L’enfant eut bientôt trouvé le sentier, et Luizzi, qui voyait s’étendre devant lui une lande de plus d’une lieue de diamètre, demanda si le chemin à parcourir était encore bien long.

— Nous allons au milieu de la lande à peu près répondit Bruno.

— Comment ! repartit le baron, les chouans se cachent dans un endroit si découvert ?

— Regardez : vous verrez en face de vous, un peu à gauche, une petite éminence. C’est au pied de ce petit monticule qu’est le vieux pont. Une sentinelle, placée au sommet et cachée dans les genêts, domine facilement toute la lande. Au moment où je vous parle, Bertrand sait que trois personnes y ont mis le pied et s’avancent vers sa retraite. Il nous attend, parce que nous ne sommes que trois ; mais, si on lui eût signalé un corps de troupes, il serait déjà en route pour s’enfuir du côté opposé.

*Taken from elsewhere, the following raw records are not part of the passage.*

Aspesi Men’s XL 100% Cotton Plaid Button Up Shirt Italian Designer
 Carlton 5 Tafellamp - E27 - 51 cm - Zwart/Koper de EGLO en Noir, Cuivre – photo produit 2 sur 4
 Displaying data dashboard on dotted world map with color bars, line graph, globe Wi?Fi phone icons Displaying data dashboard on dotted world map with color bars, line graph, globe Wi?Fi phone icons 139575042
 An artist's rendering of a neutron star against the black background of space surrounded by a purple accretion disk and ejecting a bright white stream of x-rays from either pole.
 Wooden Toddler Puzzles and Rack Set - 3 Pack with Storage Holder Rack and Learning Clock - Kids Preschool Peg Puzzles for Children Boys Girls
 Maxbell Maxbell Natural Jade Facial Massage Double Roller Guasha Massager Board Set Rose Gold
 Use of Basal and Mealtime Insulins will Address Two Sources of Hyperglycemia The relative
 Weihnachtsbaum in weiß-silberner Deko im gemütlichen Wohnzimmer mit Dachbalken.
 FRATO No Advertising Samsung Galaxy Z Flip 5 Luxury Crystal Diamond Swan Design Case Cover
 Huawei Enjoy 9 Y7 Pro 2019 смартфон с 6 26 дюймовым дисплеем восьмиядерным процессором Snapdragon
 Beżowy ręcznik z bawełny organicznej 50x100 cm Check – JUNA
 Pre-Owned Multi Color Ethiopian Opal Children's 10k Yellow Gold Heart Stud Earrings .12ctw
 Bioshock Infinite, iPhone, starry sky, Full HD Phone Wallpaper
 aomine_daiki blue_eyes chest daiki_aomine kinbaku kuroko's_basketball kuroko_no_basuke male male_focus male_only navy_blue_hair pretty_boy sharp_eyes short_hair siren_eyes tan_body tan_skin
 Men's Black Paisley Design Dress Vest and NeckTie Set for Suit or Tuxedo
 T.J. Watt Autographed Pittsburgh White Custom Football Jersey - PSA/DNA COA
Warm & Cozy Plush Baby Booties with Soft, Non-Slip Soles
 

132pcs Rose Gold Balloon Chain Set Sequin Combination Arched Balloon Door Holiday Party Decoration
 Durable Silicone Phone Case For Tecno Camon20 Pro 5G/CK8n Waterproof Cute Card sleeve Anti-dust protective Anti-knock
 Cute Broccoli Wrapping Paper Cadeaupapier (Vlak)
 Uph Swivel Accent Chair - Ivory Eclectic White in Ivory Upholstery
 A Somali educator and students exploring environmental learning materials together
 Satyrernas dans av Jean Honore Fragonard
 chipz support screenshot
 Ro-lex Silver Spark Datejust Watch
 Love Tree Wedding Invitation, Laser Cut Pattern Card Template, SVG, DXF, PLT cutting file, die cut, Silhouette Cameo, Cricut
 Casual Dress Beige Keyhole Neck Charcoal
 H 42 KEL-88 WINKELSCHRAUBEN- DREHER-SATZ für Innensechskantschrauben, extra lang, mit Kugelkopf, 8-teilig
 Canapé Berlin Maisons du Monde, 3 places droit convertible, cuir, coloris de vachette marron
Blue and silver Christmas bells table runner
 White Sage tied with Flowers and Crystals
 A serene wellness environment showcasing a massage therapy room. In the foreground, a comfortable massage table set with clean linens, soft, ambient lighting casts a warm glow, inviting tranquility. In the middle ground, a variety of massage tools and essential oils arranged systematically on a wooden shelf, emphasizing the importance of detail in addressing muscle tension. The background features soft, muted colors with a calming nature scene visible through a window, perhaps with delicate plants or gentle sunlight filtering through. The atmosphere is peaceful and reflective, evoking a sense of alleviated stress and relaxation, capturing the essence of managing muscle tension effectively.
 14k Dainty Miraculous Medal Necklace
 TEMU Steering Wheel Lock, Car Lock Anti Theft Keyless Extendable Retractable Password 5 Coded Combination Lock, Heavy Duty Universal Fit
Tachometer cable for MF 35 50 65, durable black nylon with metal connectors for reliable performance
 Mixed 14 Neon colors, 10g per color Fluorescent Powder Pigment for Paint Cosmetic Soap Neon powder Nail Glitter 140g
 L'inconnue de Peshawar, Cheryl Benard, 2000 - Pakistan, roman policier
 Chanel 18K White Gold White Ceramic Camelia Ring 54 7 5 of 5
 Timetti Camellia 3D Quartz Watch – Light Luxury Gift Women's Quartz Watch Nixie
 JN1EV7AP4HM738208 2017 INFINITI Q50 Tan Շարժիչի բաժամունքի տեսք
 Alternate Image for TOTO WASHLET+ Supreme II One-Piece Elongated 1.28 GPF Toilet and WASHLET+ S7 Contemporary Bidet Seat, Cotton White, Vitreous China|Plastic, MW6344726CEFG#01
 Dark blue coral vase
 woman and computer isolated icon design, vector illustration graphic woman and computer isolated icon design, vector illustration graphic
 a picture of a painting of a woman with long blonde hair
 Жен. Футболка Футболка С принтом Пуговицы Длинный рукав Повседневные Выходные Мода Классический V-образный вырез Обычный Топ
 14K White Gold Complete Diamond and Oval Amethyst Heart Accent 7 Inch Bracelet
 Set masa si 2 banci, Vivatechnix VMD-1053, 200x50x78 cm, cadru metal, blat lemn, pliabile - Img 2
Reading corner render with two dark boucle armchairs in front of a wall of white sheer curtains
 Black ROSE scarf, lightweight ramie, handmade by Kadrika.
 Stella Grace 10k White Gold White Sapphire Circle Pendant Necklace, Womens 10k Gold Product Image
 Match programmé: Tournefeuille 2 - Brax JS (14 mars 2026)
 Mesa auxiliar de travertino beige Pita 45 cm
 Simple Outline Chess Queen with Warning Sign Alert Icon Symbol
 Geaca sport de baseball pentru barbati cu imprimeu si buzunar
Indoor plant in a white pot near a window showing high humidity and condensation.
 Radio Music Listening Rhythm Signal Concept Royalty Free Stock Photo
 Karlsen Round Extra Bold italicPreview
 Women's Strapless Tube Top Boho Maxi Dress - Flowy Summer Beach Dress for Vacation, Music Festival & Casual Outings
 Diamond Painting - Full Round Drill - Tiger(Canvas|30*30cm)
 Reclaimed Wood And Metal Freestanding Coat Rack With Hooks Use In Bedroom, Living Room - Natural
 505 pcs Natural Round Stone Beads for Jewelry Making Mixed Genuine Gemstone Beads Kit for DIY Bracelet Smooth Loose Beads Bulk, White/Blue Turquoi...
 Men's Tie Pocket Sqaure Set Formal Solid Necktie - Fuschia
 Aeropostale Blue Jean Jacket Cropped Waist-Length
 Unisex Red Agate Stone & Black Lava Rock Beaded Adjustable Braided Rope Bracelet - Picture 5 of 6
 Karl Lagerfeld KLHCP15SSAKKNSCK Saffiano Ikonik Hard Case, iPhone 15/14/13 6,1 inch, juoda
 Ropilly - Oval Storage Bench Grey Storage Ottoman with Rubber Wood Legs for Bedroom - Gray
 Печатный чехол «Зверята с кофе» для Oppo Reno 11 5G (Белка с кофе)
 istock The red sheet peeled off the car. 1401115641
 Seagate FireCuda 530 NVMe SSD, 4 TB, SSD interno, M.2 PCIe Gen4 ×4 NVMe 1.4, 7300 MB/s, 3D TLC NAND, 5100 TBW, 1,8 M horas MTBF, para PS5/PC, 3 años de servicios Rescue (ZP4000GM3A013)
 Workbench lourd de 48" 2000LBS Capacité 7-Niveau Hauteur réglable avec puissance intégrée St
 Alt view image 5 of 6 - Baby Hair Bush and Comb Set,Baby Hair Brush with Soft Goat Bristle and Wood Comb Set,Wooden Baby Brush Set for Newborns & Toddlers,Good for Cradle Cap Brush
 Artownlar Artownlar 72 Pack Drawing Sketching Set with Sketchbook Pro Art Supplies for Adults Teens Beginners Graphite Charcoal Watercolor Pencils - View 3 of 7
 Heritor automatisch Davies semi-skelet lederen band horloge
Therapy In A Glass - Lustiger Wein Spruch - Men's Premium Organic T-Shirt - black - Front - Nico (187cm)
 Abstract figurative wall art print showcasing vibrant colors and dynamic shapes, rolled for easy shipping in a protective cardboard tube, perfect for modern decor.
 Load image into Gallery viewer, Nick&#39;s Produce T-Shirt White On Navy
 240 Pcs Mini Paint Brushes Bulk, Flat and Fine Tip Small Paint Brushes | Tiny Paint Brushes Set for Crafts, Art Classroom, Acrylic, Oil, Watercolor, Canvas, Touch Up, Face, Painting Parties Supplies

— Mais s’il s’en présentait de plusieurs côtés à la fois ?

— Quand elles viendraient de dix côtés, peu lui importerait. Il y a vingt sentiers inaperçus qui sortent de la lande ; les gars se disperseraient et fileraient à travers les soldats comme un lièvre entre deux chasseurs. Il n’y a jamais eu qu’un moyen de faire la guerre aux chouans.

— Et lequel ?

— C’est de prendre leurs femmes et leurs enfants, et de les emmener tranquillement à la ville sans leur faire de mal. Ah ! comme les pauvres diables se lasseraient vite s’ils n’avaient ni gîte ni lit ! Ce serait l’affaire de huit jours. Ils rapporteraient au galop leurs fusils et leurs munitions pour ravoir leurs familles, et, une fois désarmés, il faudrait bien qu’ils se tinssent tranquilles.